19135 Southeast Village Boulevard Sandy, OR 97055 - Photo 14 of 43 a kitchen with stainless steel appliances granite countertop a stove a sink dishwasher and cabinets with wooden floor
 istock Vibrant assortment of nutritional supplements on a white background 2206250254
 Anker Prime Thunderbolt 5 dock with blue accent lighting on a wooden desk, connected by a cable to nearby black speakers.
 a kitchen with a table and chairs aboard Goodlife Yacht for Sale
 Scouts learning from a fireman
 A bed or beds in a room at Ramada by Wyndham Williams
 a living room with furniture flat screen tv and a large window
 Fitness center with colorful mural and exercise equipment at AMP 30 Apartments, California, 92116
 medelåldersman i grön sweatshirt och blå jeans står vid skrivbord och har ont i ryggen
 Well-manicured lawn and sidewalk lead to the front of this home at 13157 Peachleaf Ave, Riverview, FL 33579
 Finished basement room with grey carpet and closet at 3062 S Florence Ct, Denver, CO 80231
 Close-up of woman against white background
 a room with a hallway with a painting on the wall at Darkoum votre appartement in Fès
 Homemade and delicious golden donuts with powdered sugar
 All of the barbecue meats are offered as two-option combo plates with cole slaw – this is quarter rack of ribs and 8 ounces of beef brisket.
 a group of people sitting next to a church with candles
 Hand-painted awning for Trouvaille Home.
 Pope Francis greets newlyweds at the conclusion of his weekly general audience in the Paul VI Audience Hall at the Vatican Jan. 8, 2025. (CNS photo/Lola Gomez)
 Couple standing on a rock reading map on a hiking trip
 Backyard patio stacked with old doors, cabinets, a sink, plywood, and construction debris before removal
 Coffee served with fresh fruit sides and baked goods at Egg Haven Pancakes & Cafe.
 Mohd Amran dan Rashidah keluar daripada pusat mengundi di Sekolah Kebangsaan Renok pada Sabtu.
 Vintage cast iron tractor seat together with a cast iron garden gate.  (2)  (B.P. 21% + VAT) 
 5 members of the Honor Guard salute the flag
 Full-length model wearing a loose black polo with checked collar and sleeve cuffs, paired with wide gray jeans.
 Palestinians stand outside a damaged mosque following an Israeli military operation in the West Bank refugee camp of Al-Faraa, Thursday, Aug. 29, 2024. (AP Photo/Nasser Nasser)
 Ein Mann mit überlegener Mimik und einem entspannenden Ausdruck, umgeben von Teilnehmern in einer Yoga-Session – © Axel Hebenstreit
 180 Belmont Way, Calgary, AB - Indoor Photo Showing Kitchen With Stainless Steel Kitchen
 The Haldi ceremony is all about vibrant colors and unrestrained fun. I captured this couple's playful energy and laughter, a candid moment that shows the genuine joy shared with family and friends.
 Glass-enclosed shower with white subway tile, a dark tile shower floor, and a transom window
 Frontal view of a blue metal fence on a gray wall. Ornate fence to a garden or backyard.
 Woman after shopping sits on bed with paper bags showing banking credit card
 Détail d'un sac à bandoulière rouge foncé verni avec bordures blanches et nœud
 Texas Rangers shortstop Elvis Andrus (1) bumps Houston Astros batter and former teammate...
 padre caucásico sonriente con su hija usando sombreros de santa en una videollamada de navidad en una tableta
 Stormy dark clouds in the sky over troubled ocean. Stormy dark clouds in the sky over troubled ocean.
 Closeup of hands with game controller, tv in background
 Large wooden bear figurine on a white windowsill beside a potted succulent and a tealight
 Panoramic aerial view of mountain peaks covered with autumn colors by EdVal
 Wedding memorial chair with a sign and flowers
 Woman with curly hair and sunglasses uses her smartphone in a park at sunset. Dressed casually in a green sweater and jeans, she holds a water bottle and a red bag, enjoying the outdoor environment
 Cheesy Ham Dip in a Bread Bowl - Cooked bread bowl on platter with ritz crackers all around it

Work to complete »
Would you transcribe the entire listing above without any deviation?

Result of this exercise »
19135 Southeast Village Boulevard Sandy, OR 97055 - Photo 14 of 43 a kitchen with stainless steel appliances granite countertop a stove a sink dishwasher and cabinets with wooden floor
 istock Vibrant assortment of nutritional supplements on a white background 2206250254
 Anker Prime Thunderbolt 5 dock with blue accent lighting on a wooden desk, connected by a cable to nearby black speakers.
 a kitchen with a table and chairs aboard Goodlife Yacht for Sale
 Scouts learning from a fireman
 A bed or beds in a room at Ramada by Wyndham Williams
 a living room with furniture flat screen tv and a large window
 Fitness center with colorful mural and exercise equipment at AMP 30 Apartments, California, 92116
 medelåldersman i grön sweatshirt och blå jeans står vid skrivbord och har ont i ryggen
 Well-manicured lawn and sidewalk lead to the front of this home at 13157 Peachleaf Ave, Riverview, FL 33579
 Finished basement room with grey carpet and closet at 3062 S Florence Ct, Denver, CO 80231
 Close-up of woman against white background
 a room with a hallway with a painting on the wall at Darkoum votre appartement in Fès
 Homemade and delicious golden donuts with powdered sugar
 All of the barbecue meats are offered as two-option combo plates with cole slaw – this is quarter rack of ribs and 8 ounces of beef brisket.
 a group of people sitting next to a church with candles
 Hand-painted awning for Trouvaille Home.
 Pope Francis greets newlyweds at the conclusion of his weekly general audience in the Paul VI Audience Hall at the Vatican Jan. 8, 2025. (CNS photo/Lola Gomez)
 Couple standing on a rock reading map on a hiking trip
 Backyard patio stacked with old doors, cabinets, a sink, plywood, and construction debris before removal
 Coffee served with fresh fruit sides and baked goods at Egg Haven Pancakes & Cafe.
 Mohd Amran dan Rashidah keluar daripada pusat mengundi di Sekolah Kebangsaan Renok pada Sabtu.
 Vintage cast iron tractor seat together with a cast iron garden gate.  (2)  (B.P. 21% + VAT) 
 5 members of the Honor Guard salute the flag
 Full-length model wearing a loose black polo with checked collar and sleeve cuffs, paired with wide gray jeans.
 Palestinians stand outside a damaged mosque following an Israeli military operation in the West Bank refugee camp of Al-Faraa, Thursday, Aug. 29, 2024. (AP Photo/Nasser Nasser)
 Ein Mann mit überlegener Mimik und einem entspannenden Ausdruck, umgeben von Teilnehmern in einer Yoga-Session – © Axel Hebenstreit
 180 Belmont Way, Calgary, AB - Indoor Photo Showing Kitchen With Stainless Steel Kitchen
 The Haldi ceremony is all about vibrant colors and unrestrained fun. I captured this couple's playful energy and laughter, a candid moment that shows the genuine joy shared with family and friends.
 Glass-enclosed shower with white subway tile, a dark tile shower floor, and a transom window
 Frontal view of a blue metal fence on a gray wall. Ornate fence to a garden or backyard.
 Woman after shopping sits on bed with paper bags showing banking credit card
 Détail d'un sac à bandoulière rouge foncé verni avec bordures blanches et nœud
 Texas Rangers shortstop Elvis Andrus (1) bumps Houston Astros batter and former teammate...
 padre caucásico sonriente con su hija usando sombreros de santa en una videollamada de navidad en una tableta
 Stormy dark clouds in the sky over troubled ocean. Stormy dark clouds in the sky over troubled ocean.
 Closeup of hands with game controller, tv in background
 Large wooden bear figurine on a white windowsill beside a potted succulent and a tealight
 Panoramic aerial view of mountain peaks covered with autumn colors by EdVal
 Wedding memorial chair with a sign and flowers
 Woman with curly hair and sunglasses uses her smartphone in a park at sunset. Dressed casually in a green sweater and jeans, she holds a water bottle and a red bag, enjoying the outdoor environment
 Cheesy Ham Dip in a Bread Bowl - Cooked bread bowl on platter with ritz crackers all around it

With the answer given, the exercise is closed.